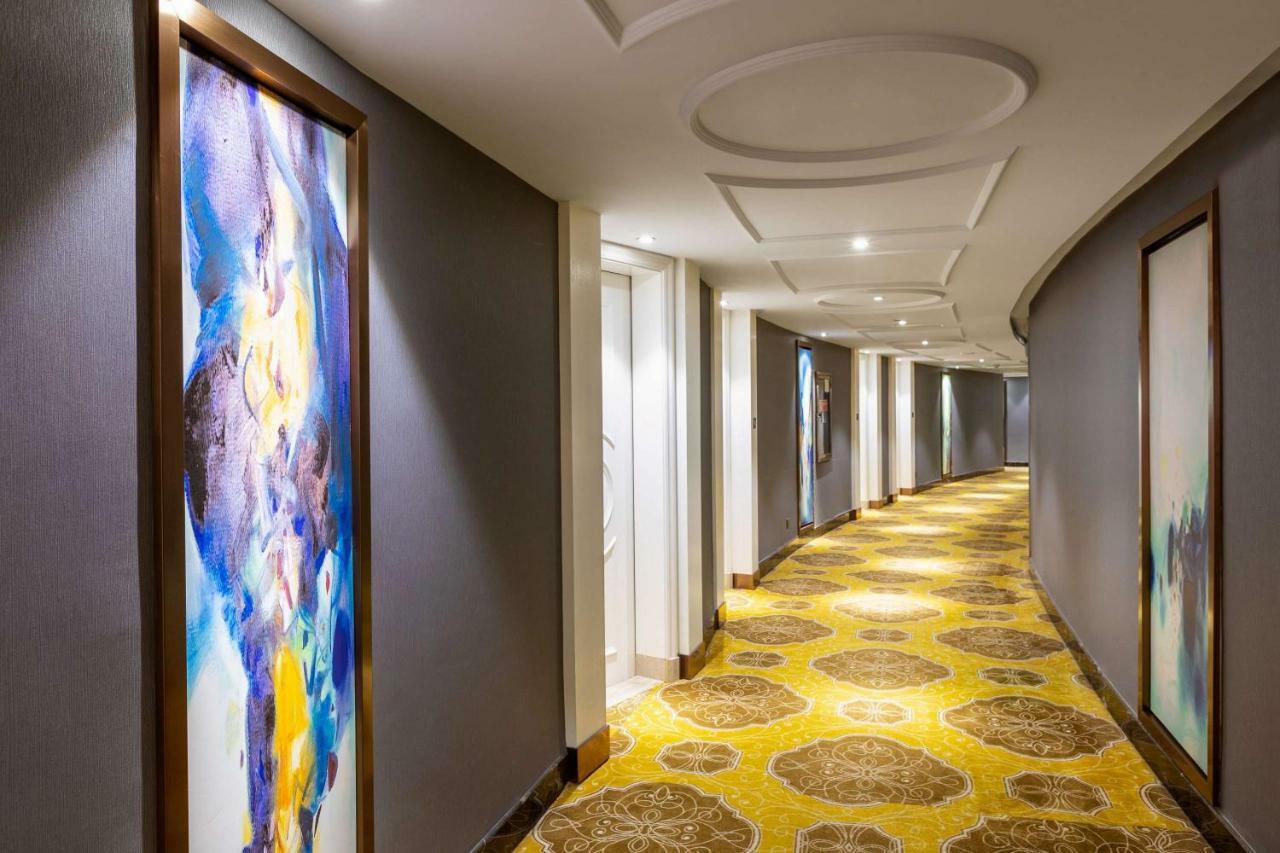 Ramada Encore Wyndham Nanning City Center Qingxiu Exteriör bild
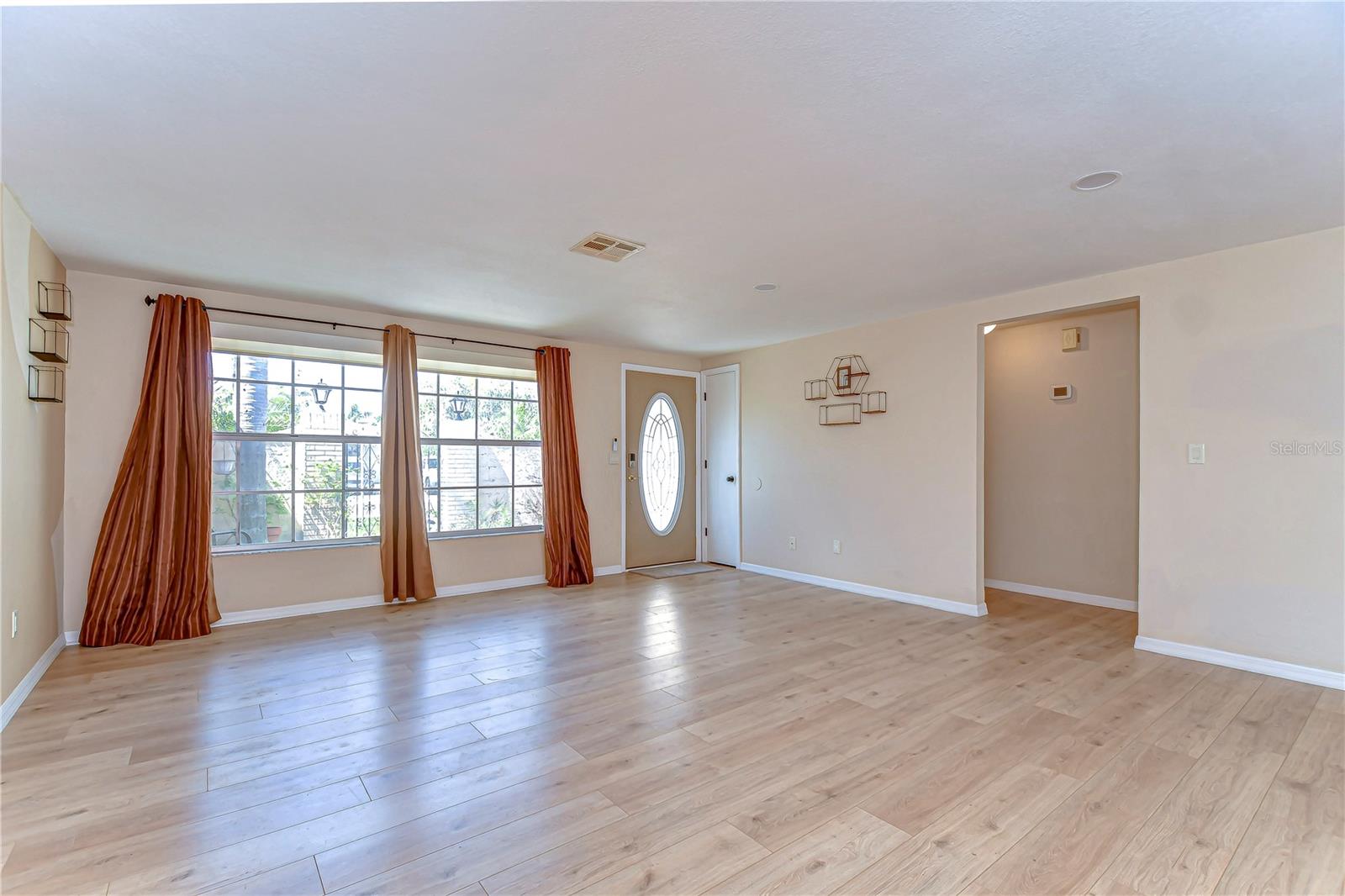 9826 ISLAND HARBOR DR — photo 21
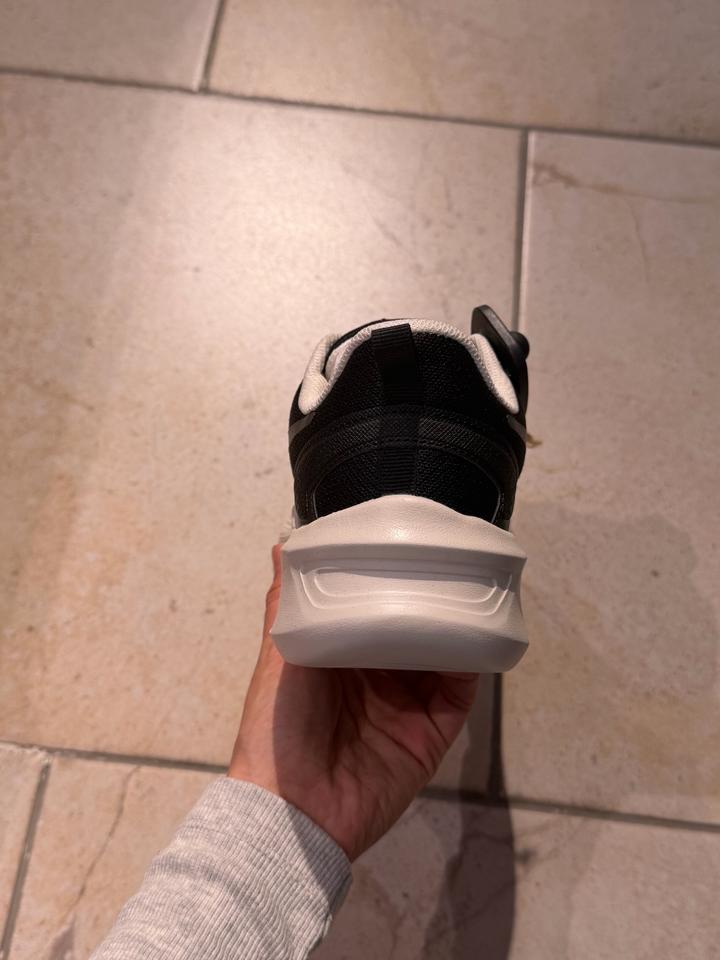 Женские кроссовки от Reebok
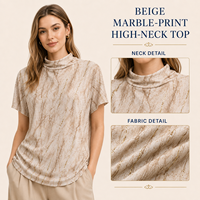 Impression marbrée exquise finie avec une feuille d'or métallique de qualité supérieure, offrant une texture visuelle luxueuse pour un assortiment haut de gamme pour femmes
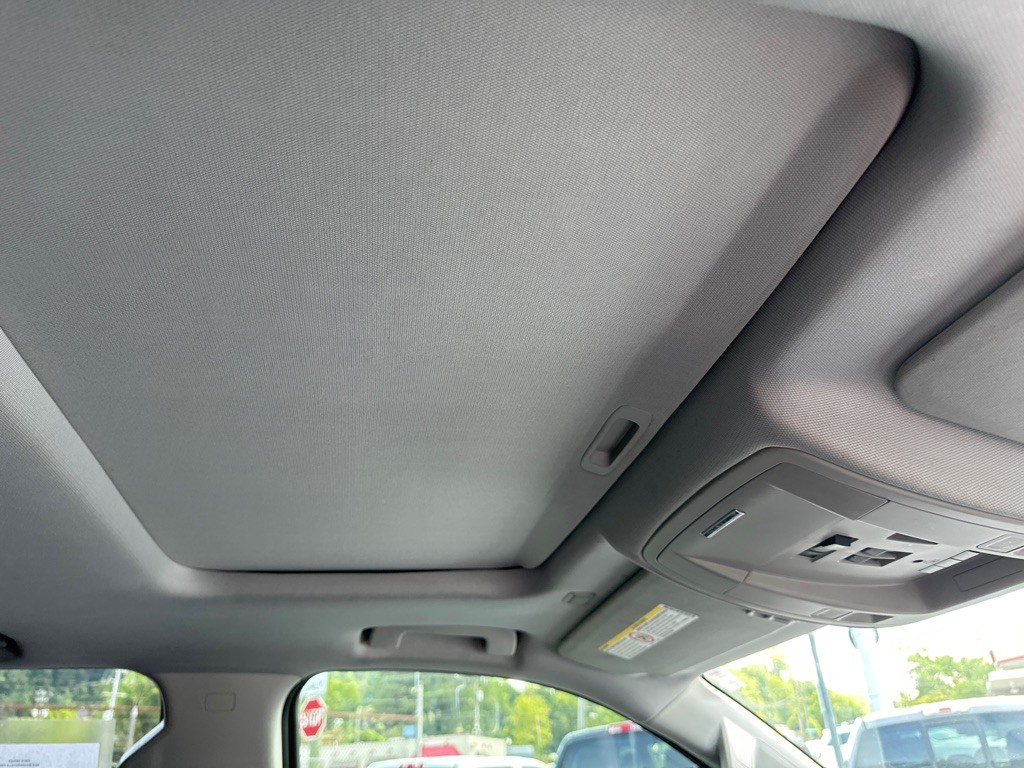 2015 Chevrolet Silverado 1500 Image 10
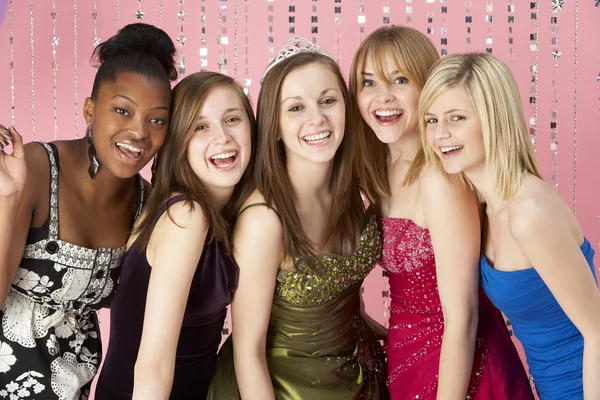 Grupa nastoletnich przyjaciół ubrany na balu Obrazy Stockowe bez tantiem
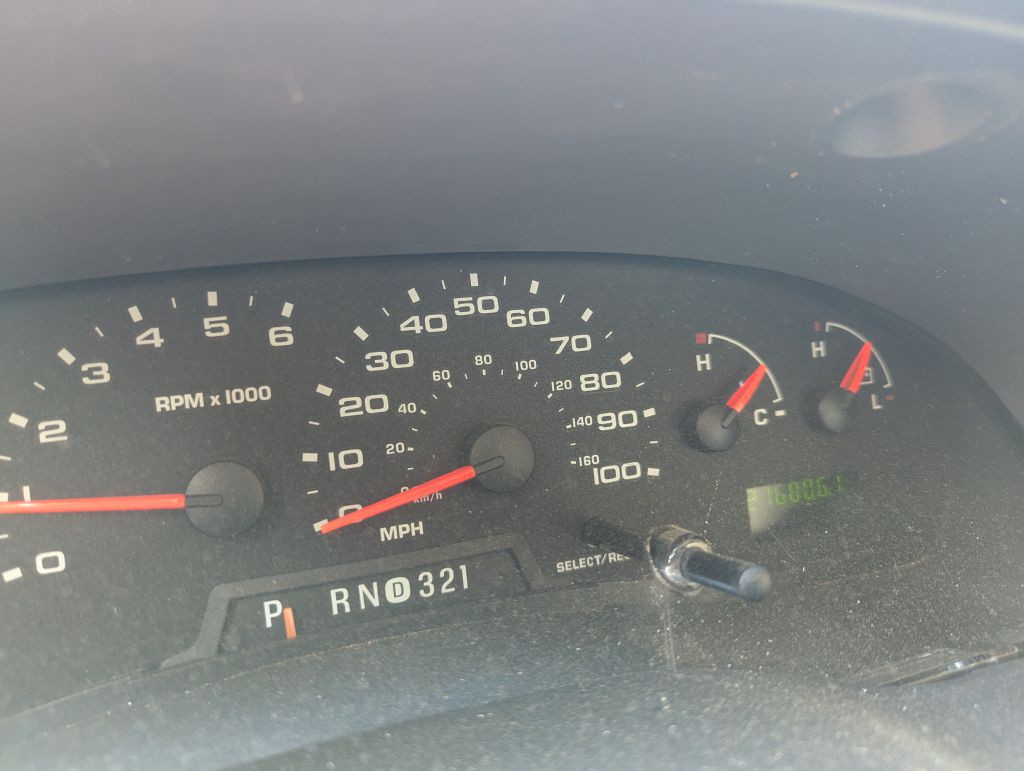 2006 Ford Econoline Image 10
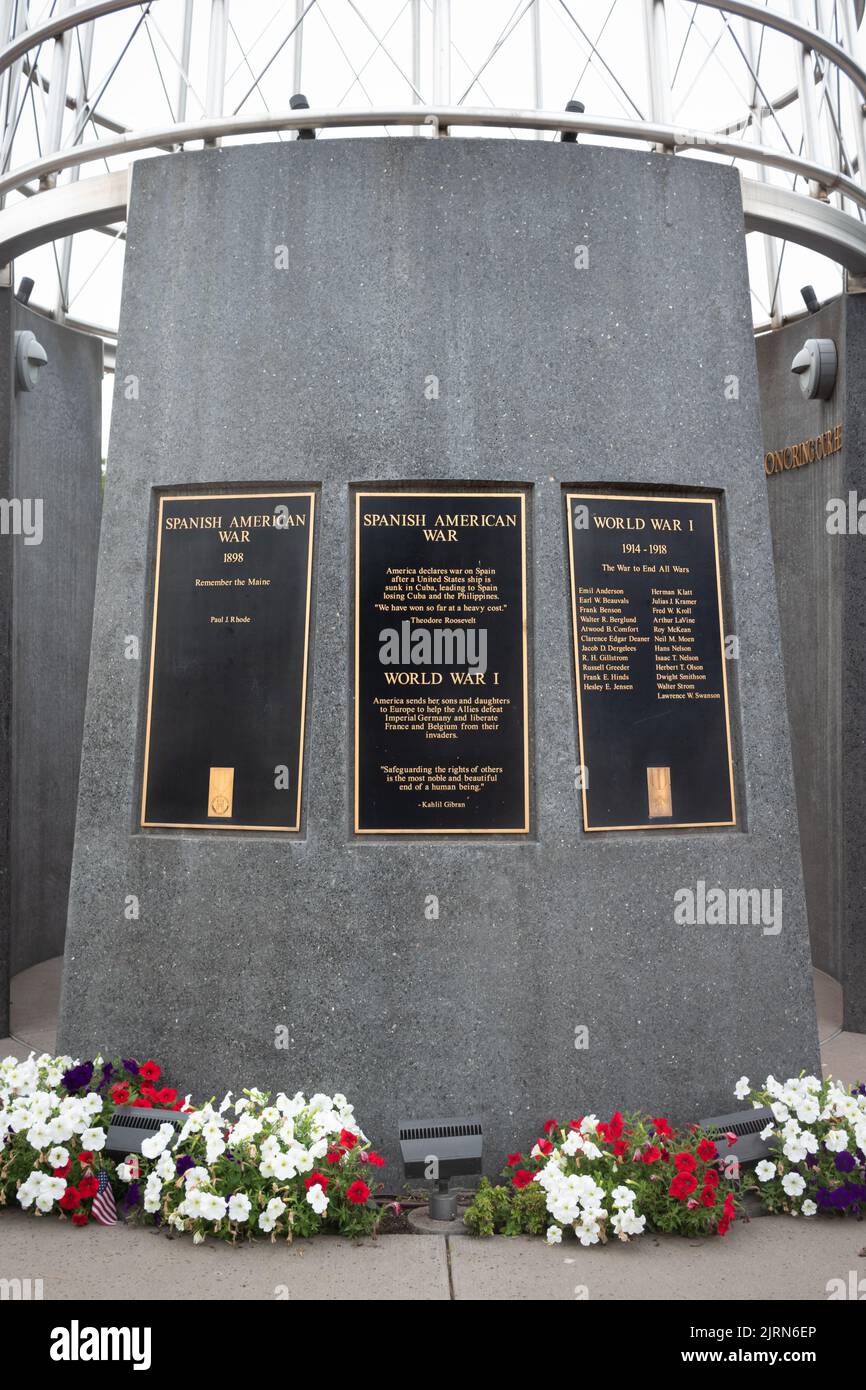 STILLWATER, Minnesota, USA - 24 AGOSTO 2022: Targhetta sulla guerra americana spagnola al Memoriale dei veterani di Stillwater Minnesota. Foto Stock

- - -

== HOW TO COMPLETE THIS TASK ==
An exact copy is needed of the lines running from the one with "Impression marbrée exquise" through the end of the data above, and of those lines only, without pictures.

== EXERCISE RESULT ==
 Impression marbrée exquise finie avec une feuille d'or métallique de qualité supérieure, offrant une texture visuelle luxueuse pour un assortiment haut de gamme pour femmes
 2015 Chevrolet Silverado 1500 Image 10
 Grupa nastoletnich przyjaciół ubrany na balu Obrazy Stockowe bez tantiem
 2006 Ford Econoline Image 10
 STILLWATER, Minnesota, USA - 24 AGOSTO 2022: Targhetta sulla guerra americana spagnola al Memoriale dei veterani di Stillwater Minnesota. Foto Stock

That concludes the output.